Selves and Other Texts
- Copyright: 2001
- Dimensions: 6 x 9
- Page Count: 224 pages
- Hardcover ISBN: 978-0-271-02150-8
- Paperback ISBN: 978-0-271-02345-8
“This book [presents] a bold and eloquent defense of ‘cultural realism’. . . as this applies to the arts and, in lesser degree, history and literature. Throughout, major epistemological and metaphysical issues—especially those raised by the artwork (e.g., its ontological status, its referential powers, holism, its constative claims, etc.)—are addressed, with ingenious and intriguing solutions offered, fresh at every turn. . . . A distinctive contribution of this book is its catholicity of outlook, which allows Margolis to draw upon and merge the best insights of both analytical and continental traditions in philosophy. There is no one in today’s philosophical world who has a comparable mastery of both of these often antithetical traditions—and who is able to combine them so skillfully and creatively. . . . The result is a book that will be of broad appeal to practitioners and students of both schools of philosophical thought. . . . No other book combines such an effective critique of the views of others in aesthetics and the humanities generally with such an original point of view as his own.”

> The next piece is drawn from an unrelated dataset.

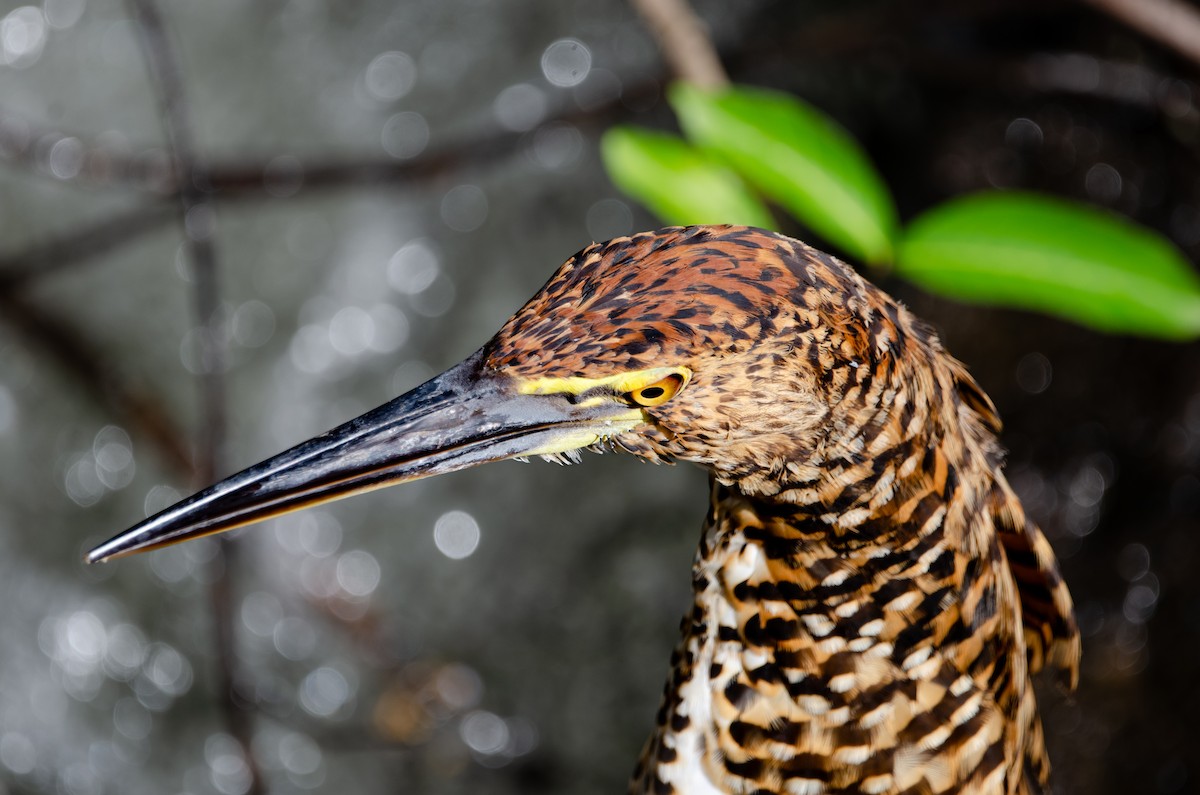 Rufescent Tiger-Heron - ML635725155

“This is a truly thought provoking and surprisingly easily understood text that should be read by not only philosophers, but artists and historians as well.”
Extending his well-known investigations into the nature and logic of art and history in the cultural world, Joseph Margolis here offers a sustained account of how selves and the cultural phenomena they generate (language, history, action, art) can be viewed as just as "real" as the physical nature from which they are emergent, while not being reducible to it. The book starts off with a review of prominent philosophies of art over the past half-century, focusing especially on Beardsley, Goodman, and Danto, so as to highlight the need for carefully distinguishing between the metaphysical and epistemological features of physical nature and human culture. The second part of the book builds on the first part's analyses of artworks to propose a theory of selves as "self-interpreting texts." Selves and Other Texts aims to develop new ways of understanding the conceptual inseparability of our analysis of physical nature and our analysis of ourselves.